Exercise brief
Exact copies of the lines below, from the one with "Restaurant Hippy Market" up to and including the one with "Gould PI-C584-001 Rev.", are what this calls for; leave out pictures.

Data records
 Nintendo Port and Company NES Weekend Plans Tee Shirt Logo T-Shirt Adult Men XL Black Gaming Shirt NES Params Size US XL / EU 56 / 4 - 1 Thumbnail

...

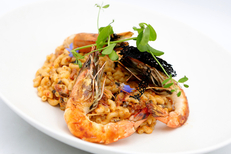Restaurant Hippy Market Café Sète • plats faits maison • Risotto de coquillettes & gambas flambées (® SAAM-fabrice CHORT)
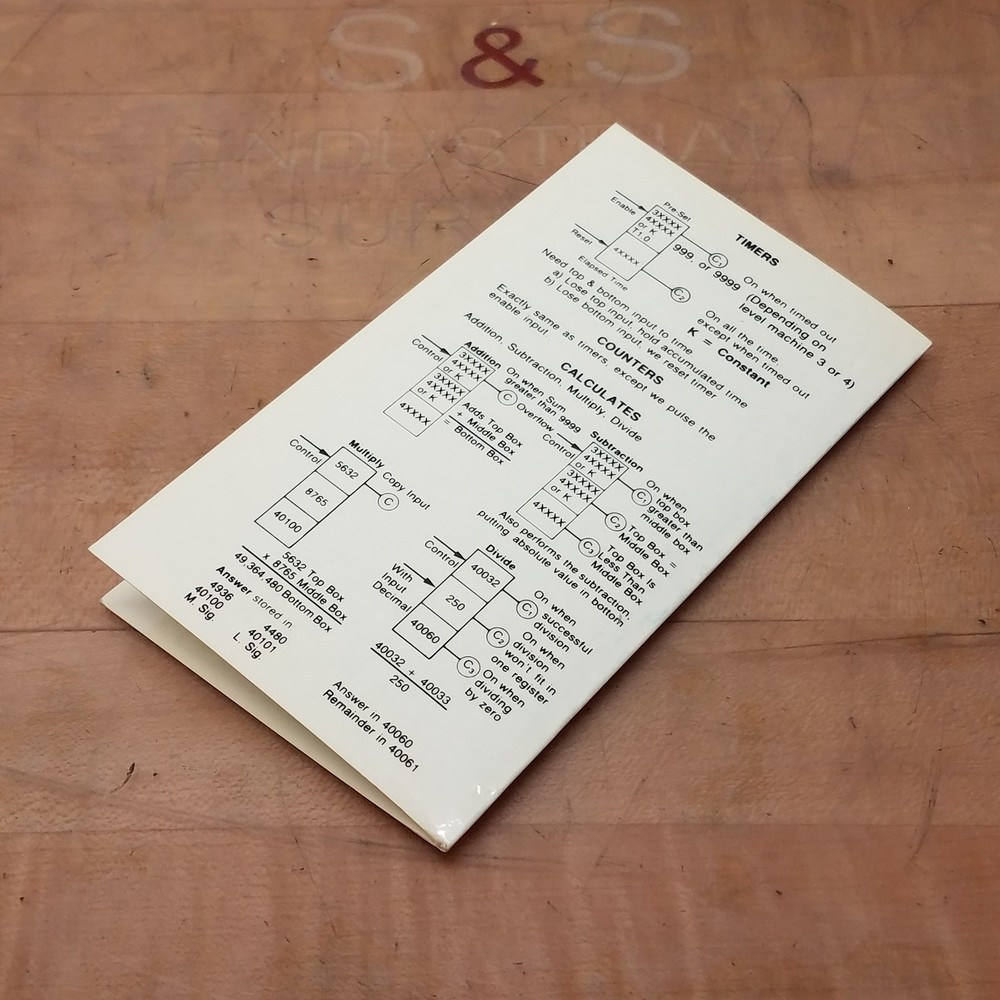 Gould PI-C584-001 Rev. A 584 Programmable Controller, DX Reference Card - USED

Answer for the task
Restaurant Hippy Market Café Sète • plats faits maison • Risotto de coquillettes & gambas flambées (® SAAM-fabrice CHORT)
 Gould PI-C584-001 Rev. A 584 Programmable Controller, DX Reference Card - USED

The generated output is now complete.